The east African country has the potential to benefit from outsourcing of low- value Chinese manufacturing that can no longer stay in China because of rising Chinese labour costs. Higher labour costs are a result of China’s ageing population.

First things first, though. As of 2015, only around 20% of Tanzania’s roads were paved, and as the FT writes: “Tanzania’s main roads are pretty good. But deep in the countryside the roads become narrow, turn to mud or disappear altogether.”

This is where China can help through investments in better road and rail links, enabling its uncompetitive manufacturing to be outsourced to Tanzania.

And/or the focus might be on agriculture. As the same FT article points out, poor roads and lack of access to refrigeration mean that food produced in Tanzania often rots before it gets to markets.

China can also provide plastic irrigation pipes to Tanzania, made from polyethylene (PE) resin which will be either made in new plants in China or in new plants in the Middle East (all of the Middle East is in the OBOR region), where there are of course cheap feedstocks to make PE. Today, nearly all the irrigation in Tanzania is by rainwater only.

If China supports the Tanzanian economy in the ways described above, it is hard to see why Tanzania would buy its plastic irrigation pipes, and its plastic products in general, from anywhere else other than the OBOR region.

Tanzania has vast potential to grow its agricultural sector, and thus creates lots of jobs for one of the world’s fastest-growing populations.

Meanwhile, China will realistically probably never be able to fully fix it soil-pollution problem, which would today cost $1,000 trillion to solve using existing technologies – more than the entire wealth of the world.

So it has to find safe overseas alternative sources of food. Safer food, air and water are crucial for retaining the middle class educated people that China needs to retain if it is going to escape its middle-income trap.

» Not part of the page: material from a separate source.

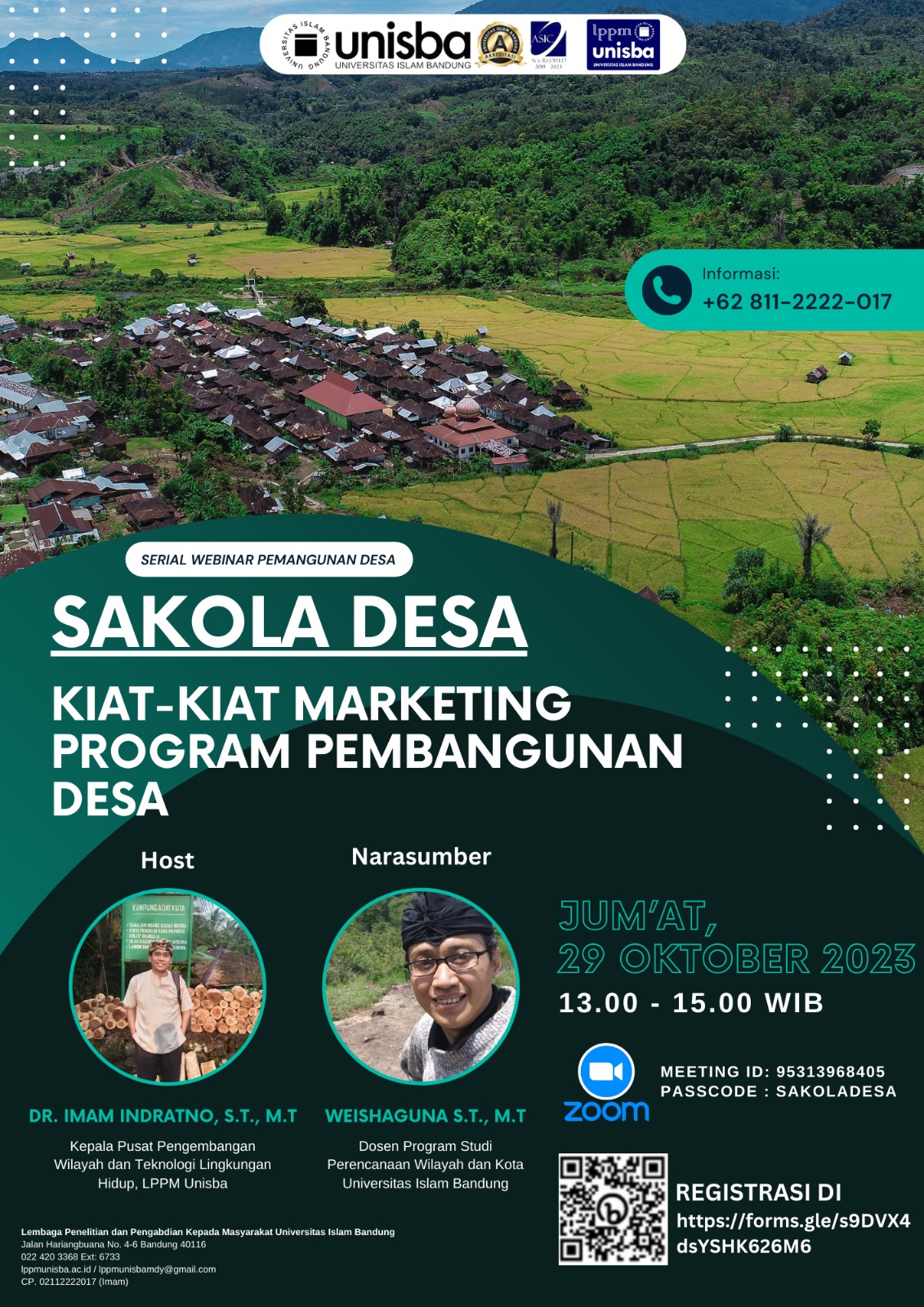 Webinar Sakola Desa : Kiat-kiat Marketing Program Pembangunan Desa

I plan to work my way around this map, country-by-country, picking out other “win, win” situations for China and fellow OBOR members.

In the process, this will obviously lead to me to more economically important relationships than the one between China and Tanzania. This will be the subject of future blog posts as I build towards a new research paper on how the OBOR could reshape global chemicals trade and global economic growth.

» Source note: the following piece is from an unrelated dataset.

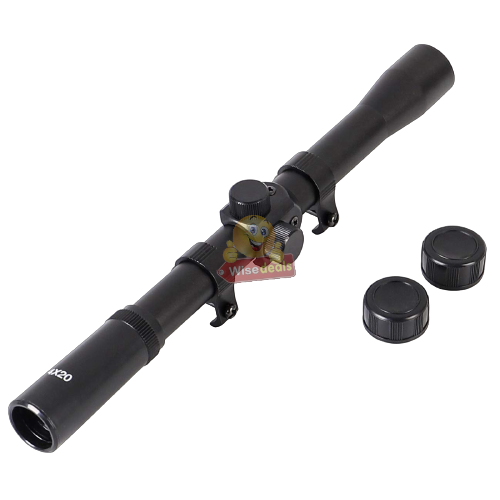 4 X 20 Rifle Scope  Fast and Accurate for Target Shooting, Small game or Vermin Hunting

What China is essentially doing is a Marshall Plan on steroids, a replica on a much-bigger scale of the investment that the US poured into Western Europe at the end of the Second World War.

What the US ended up doing was creating vast new markets of its chemicals, its polymers and its manufactured goods.

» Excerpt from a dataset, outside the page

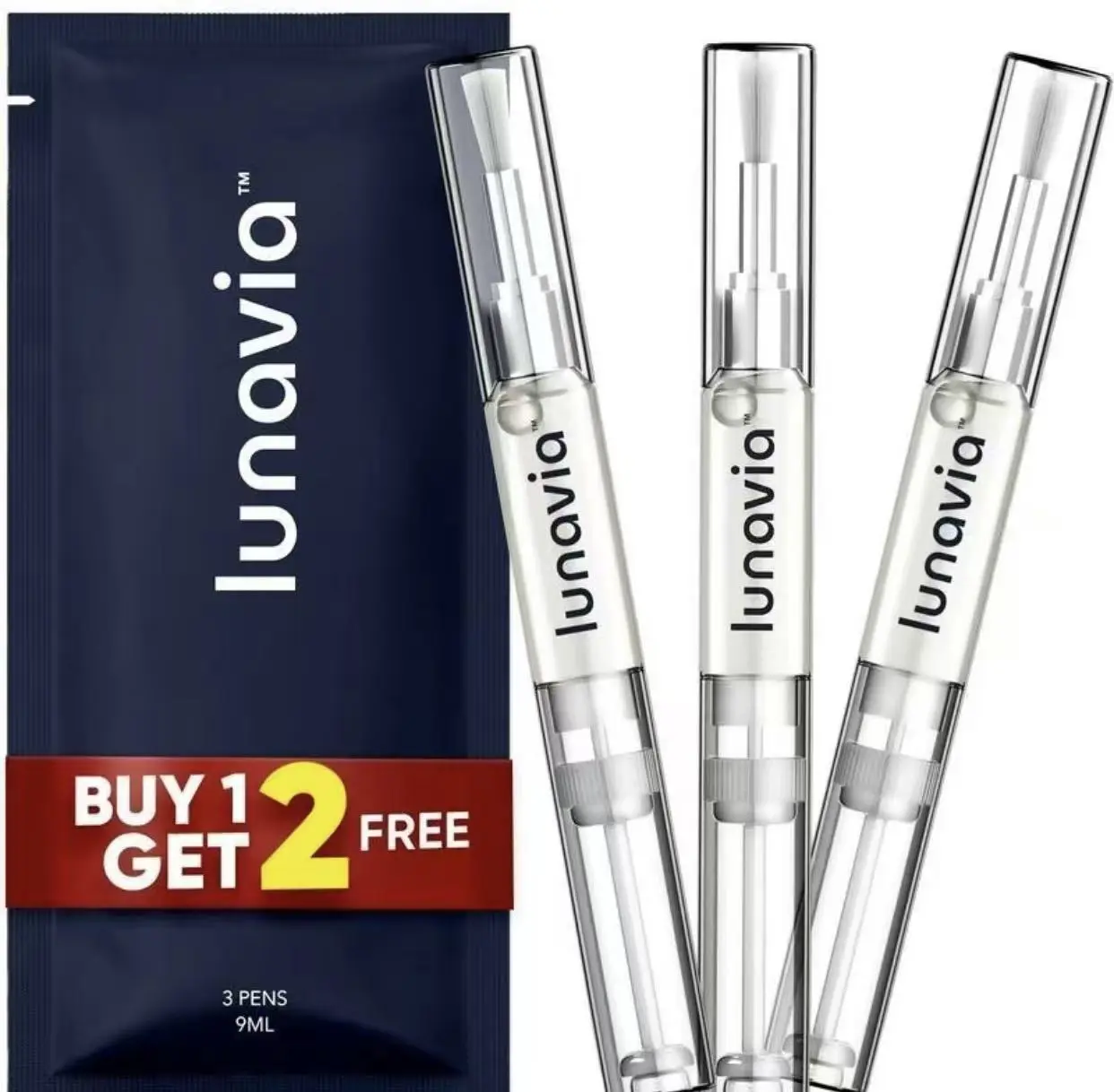【3x antifungal pen】 Lunavia Antifungal Pen .UNDECYLENIC ACID 25%-Cures Most Athlete's FootJock ltch, and Ringworm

The Marshall Plan also provided the US with great geopolitical stability and influence, and eventually led to the West’s Cold War victory over the Soviet Union.

The collapse of the Soviet Union then led to big new economic opportunities for Western economies as the Former Soviet Union economies were integrated into the global economy.

Today, though, the US is at risk of withdrawing from, or at least fatally damaging, many of its established geopolitical relationships because of President Trump’s “America First” policy.

In practice, we don’t know how this will play out.

Perhaps Mr Trump’s election campaign promises will moderate to the point where today’s geopolitical order remains in place, with the US staying charge.

Or maybe the US will build a stronger relationship with China through, say, becoming a major participant in the OBOR. In so doing, the US could reshape geopolitics whilst still retaining its prominent role.

But with change comes risk. Every chemicals and polymers company therefore needs to place increased geopolitical risk at the core of their strategic planning.

And one outcome at the end of all this upheaval is China emerging as the dominant global economic and geopolitical superpower.